▶ Exercise aim: Every line from the top of the records through the line containing "Lua de Sangue" should be retyped exactly; the pictures should not.

▶ Task inputs:
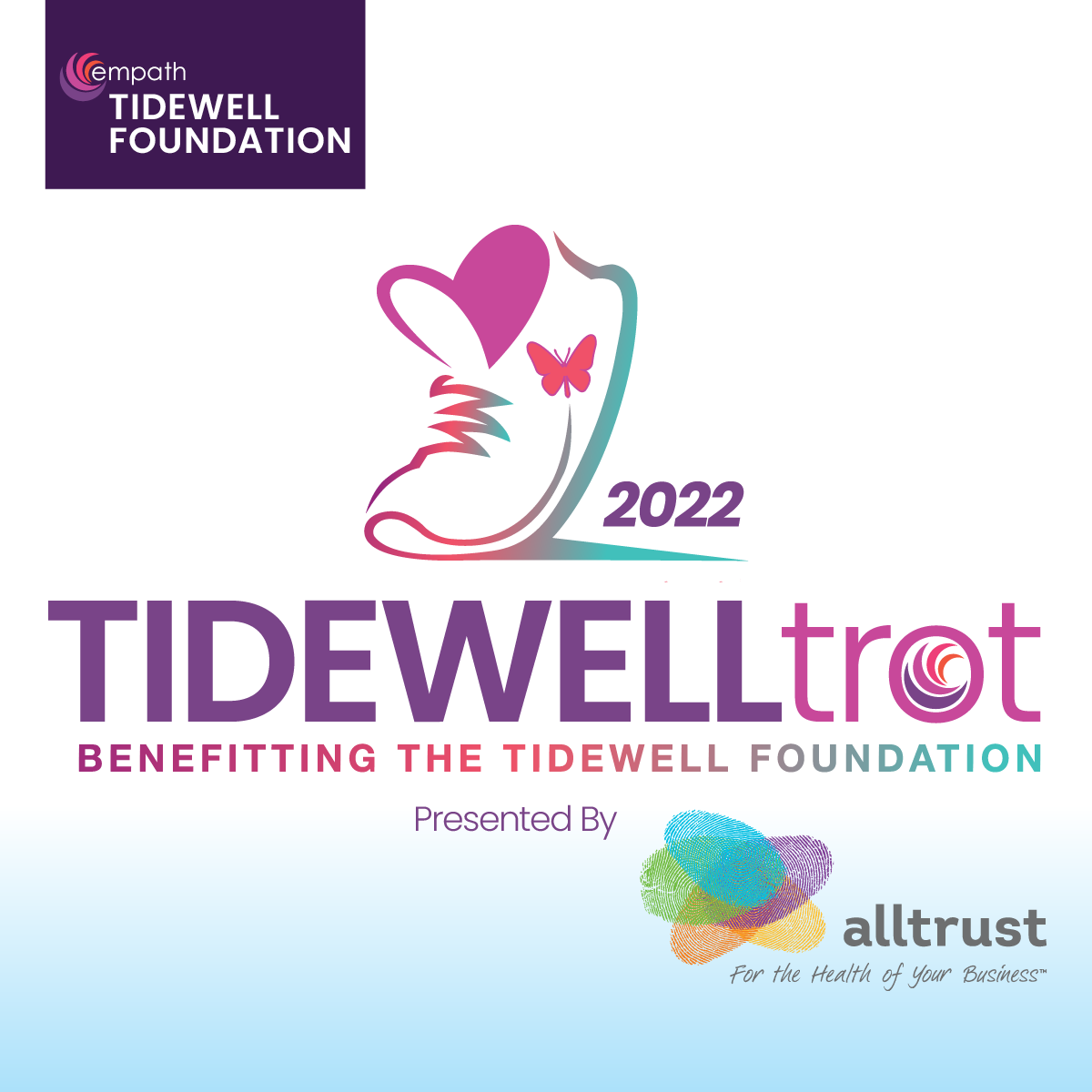 Tidewell Trot 5K and 1M Walk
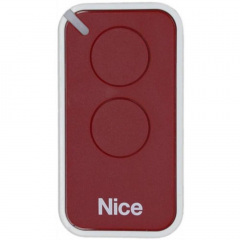Пульт Nice INTI2 2-х канальний Новояворівськ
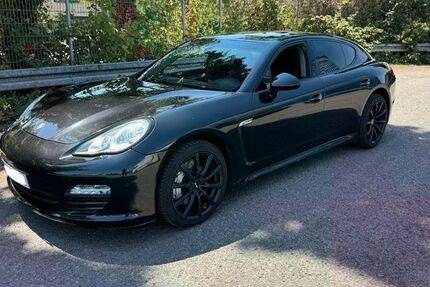 Porsche Panamera 223.207 km 18.999 &euro; Karlsruhe 76185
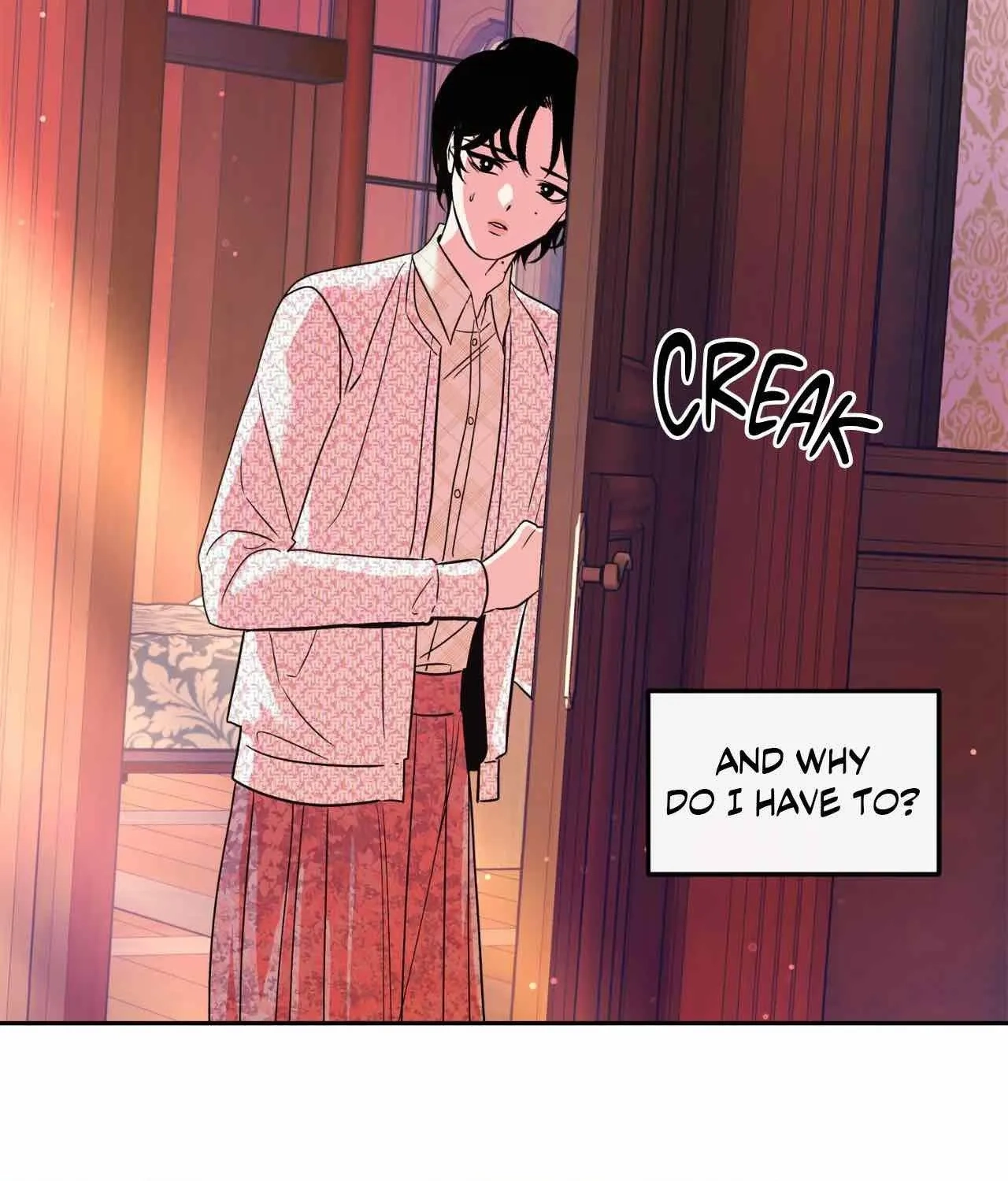 Read Saha chapter 22 image 56 on Lezhin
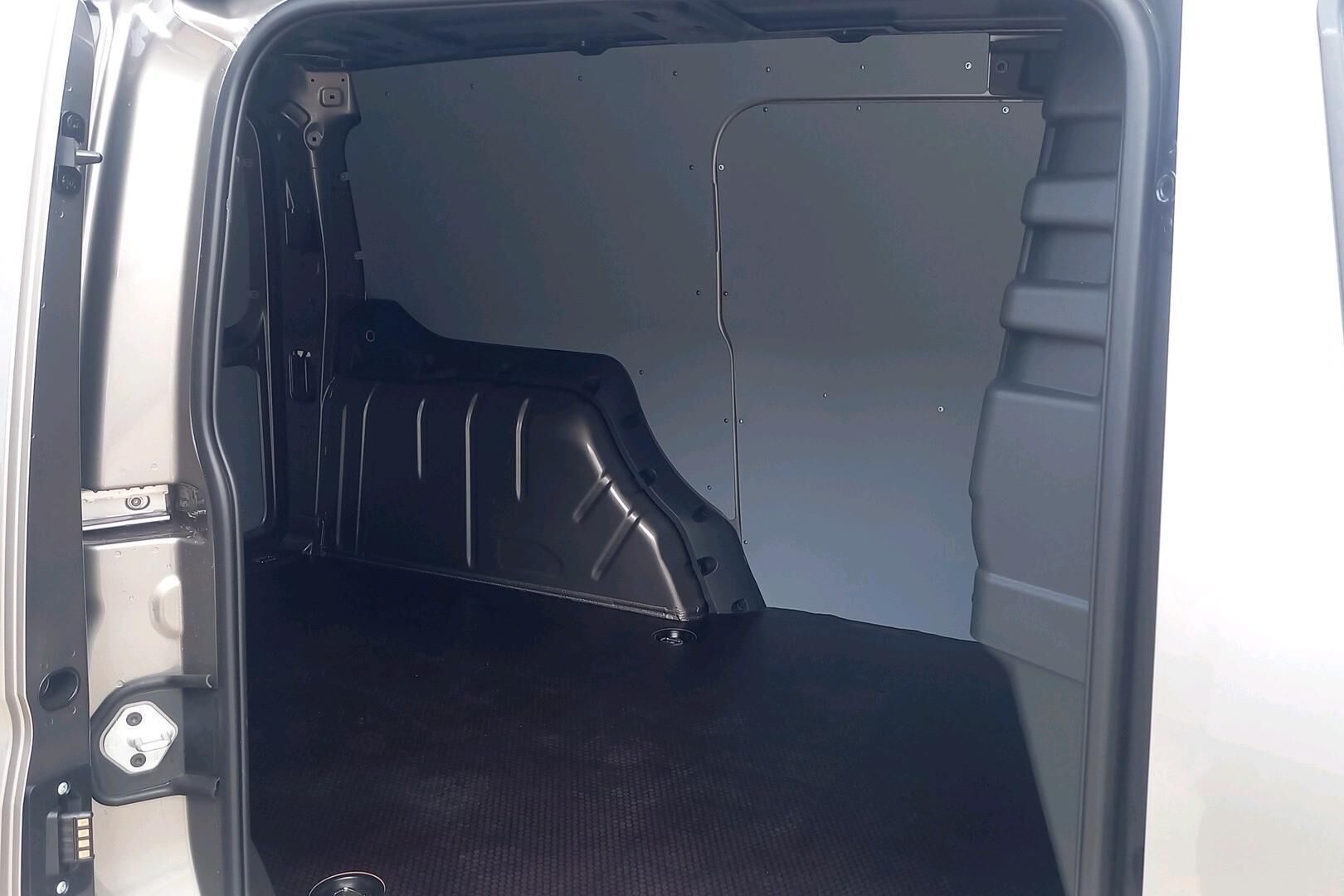 Ford Transit Connect 2026, kuva 5/14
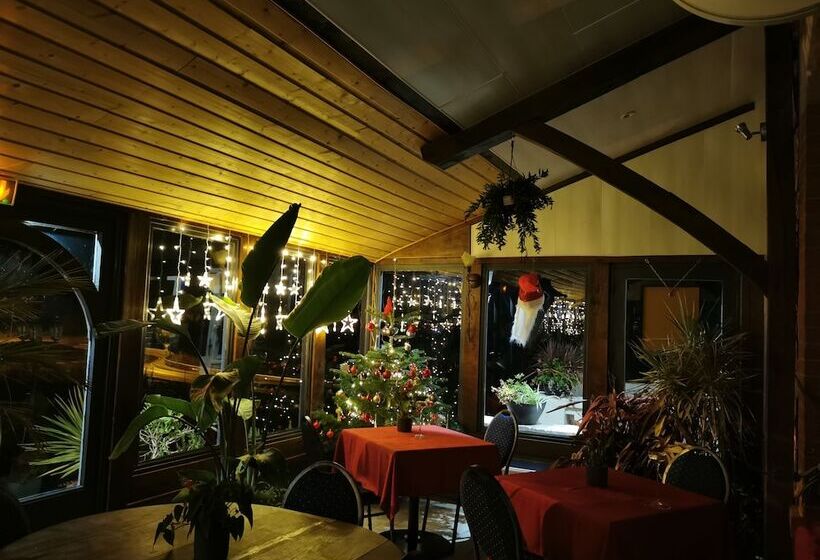 Bed and Breakfast Les Cloches De Corneville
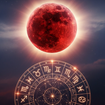 Lua de Sangue com eclipse lunar em Lua Cheia: os 4 signos que mais serão afetados, segundo astróloga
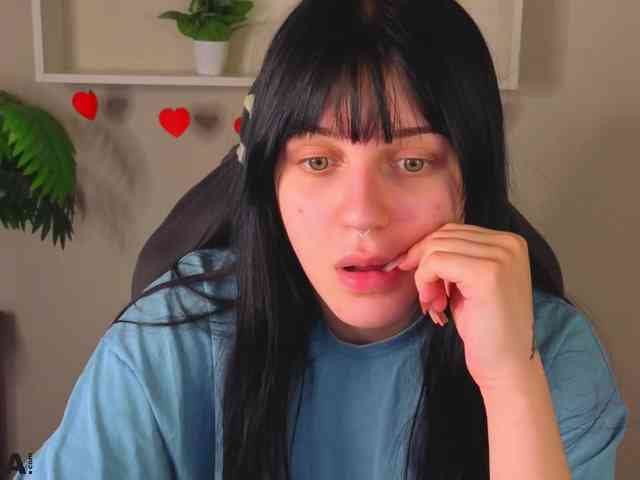 Lilith-Wholshh webcam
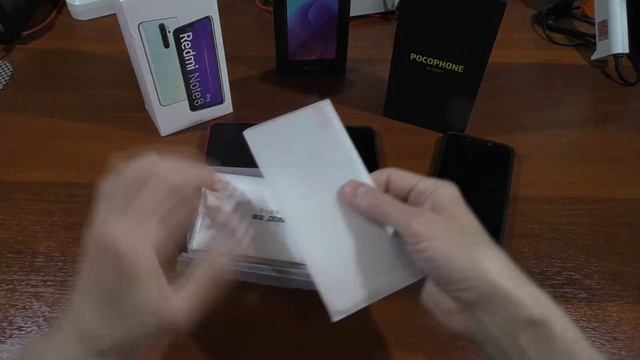 Прочный чехол для телефона Mi 9T смотреть онлайн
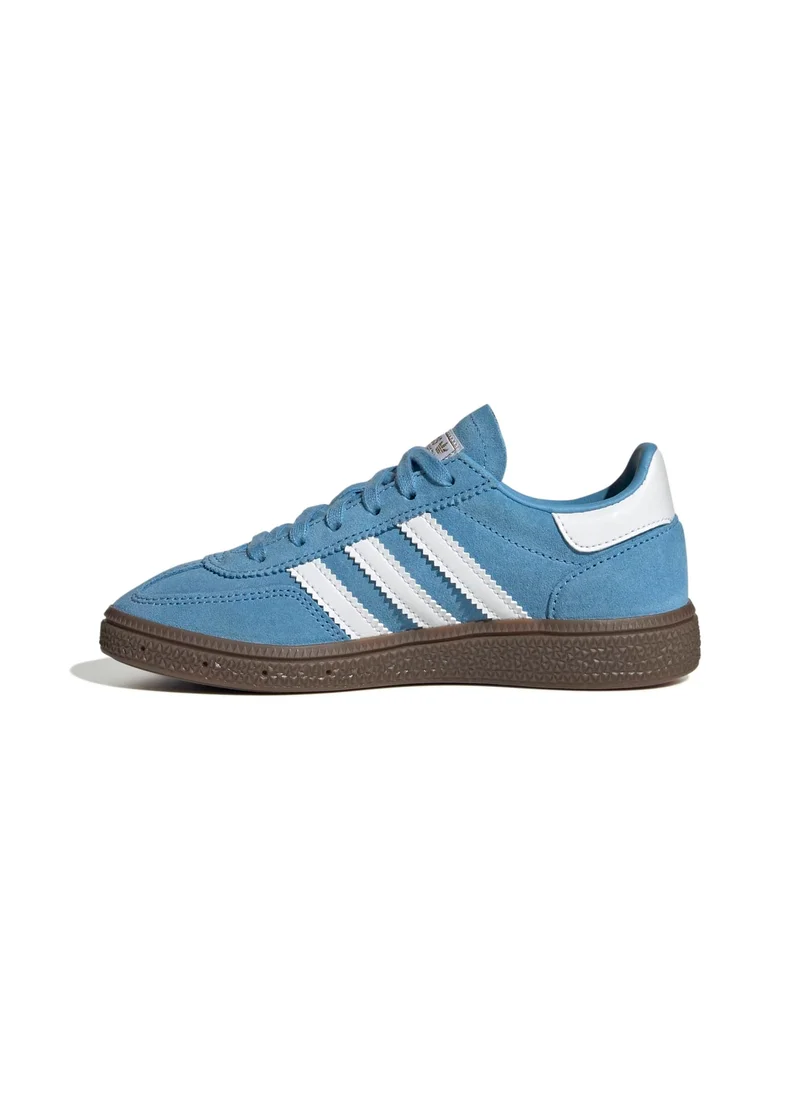 Adidas adidas HANDBALL SPEZIAL C Blue Originals Kids Shoes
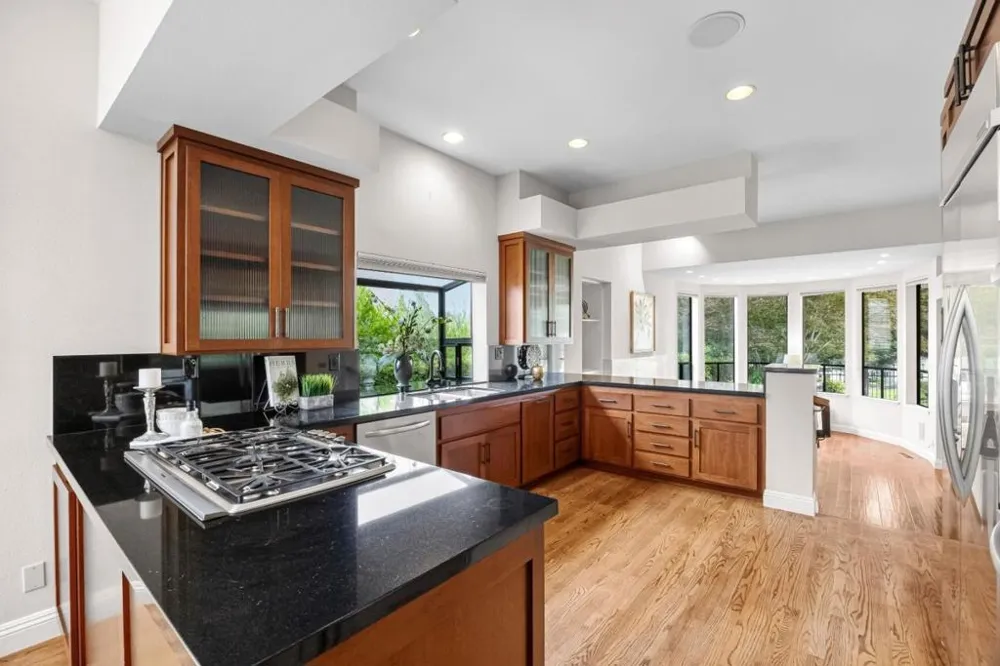 4133 Quail Run Drive Danville, CA 94506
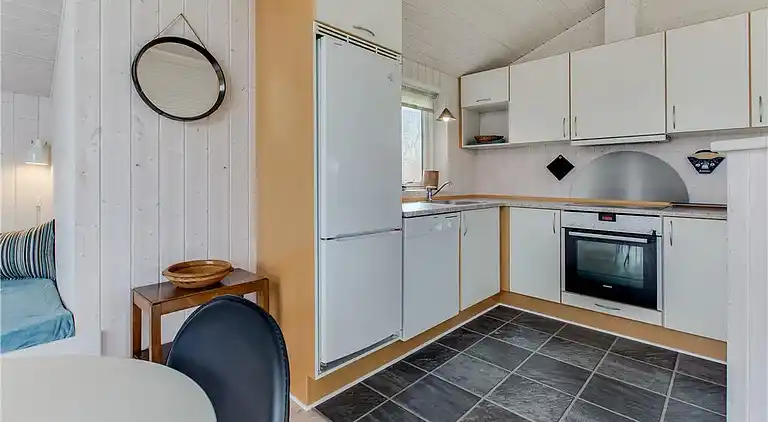 Sommerhus i Juelsminde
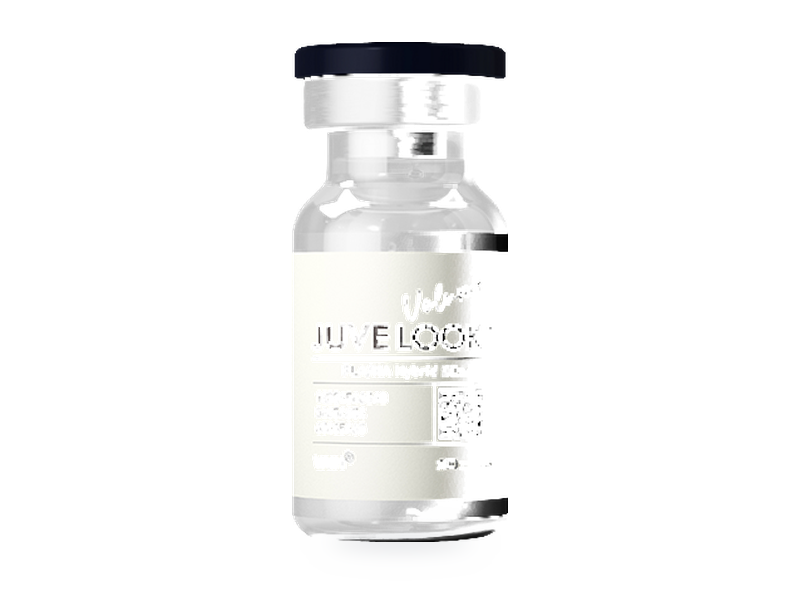 Juvelook Volume product or equipment image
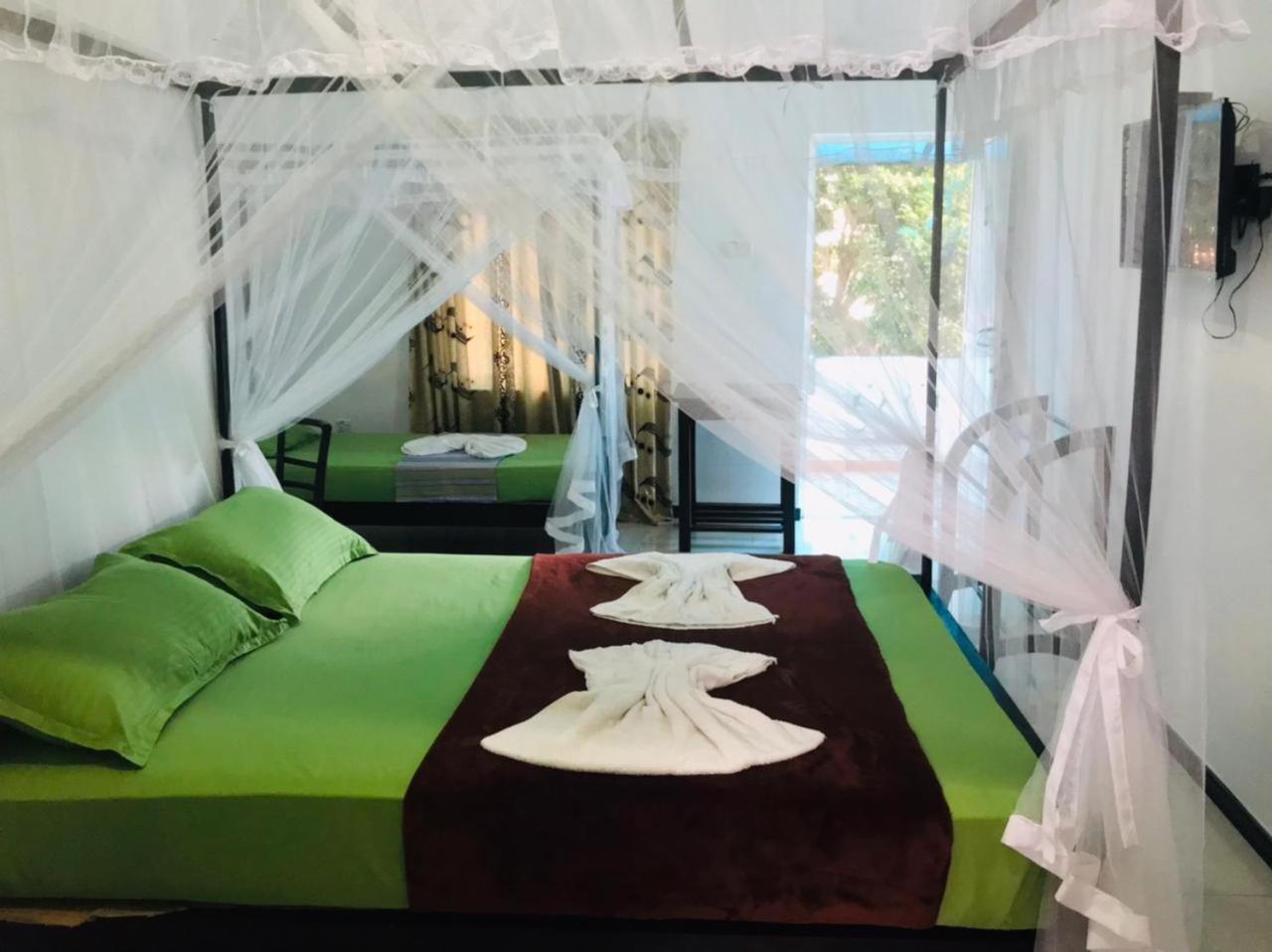 Crescent Resort Galle Dış mekan fotoğraf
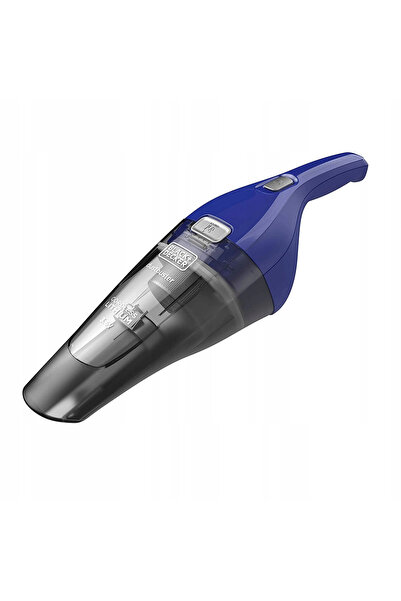 Black&Decker مكنسة كهربائية محمولة لاسلكية Dustbuster بقوة 3.6 فولت NVC115WA-B5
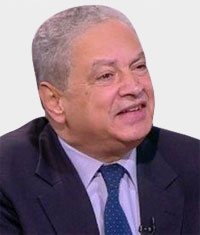إكرام بدرالدين: القاهرة لا تسعى لتوظيف وجود المهاجرين من أجل الابتزاز السياسي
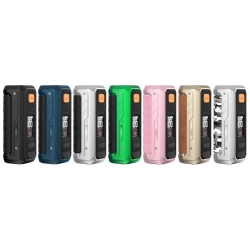 e-liquide Box Armour Ultra - Vaporesso pas cher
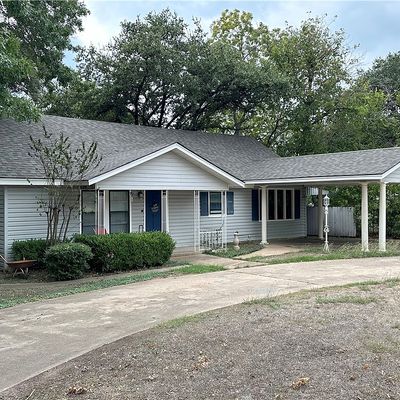 3812 N 27 Th St, Waco, TX 76708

▶ Result:
 Tidewell Trot 5K and 1M Walk
Пульт Nice INTI2 2-х канальний Новояворівськ
 Porsche Panamera 223.207 km 18.999 &euro; Karlsruhe 76185
 Read Saha chapter 22 image 56 on Lezhin
 Ford Transit Connect 2026, kuva 5/14
 Bed and Breakfast Les Cloches De Corneville
 Lua de Sangue com eclipse lunar em Lua Cheia: os 4 signos que mais serão afetados, segundo astróloga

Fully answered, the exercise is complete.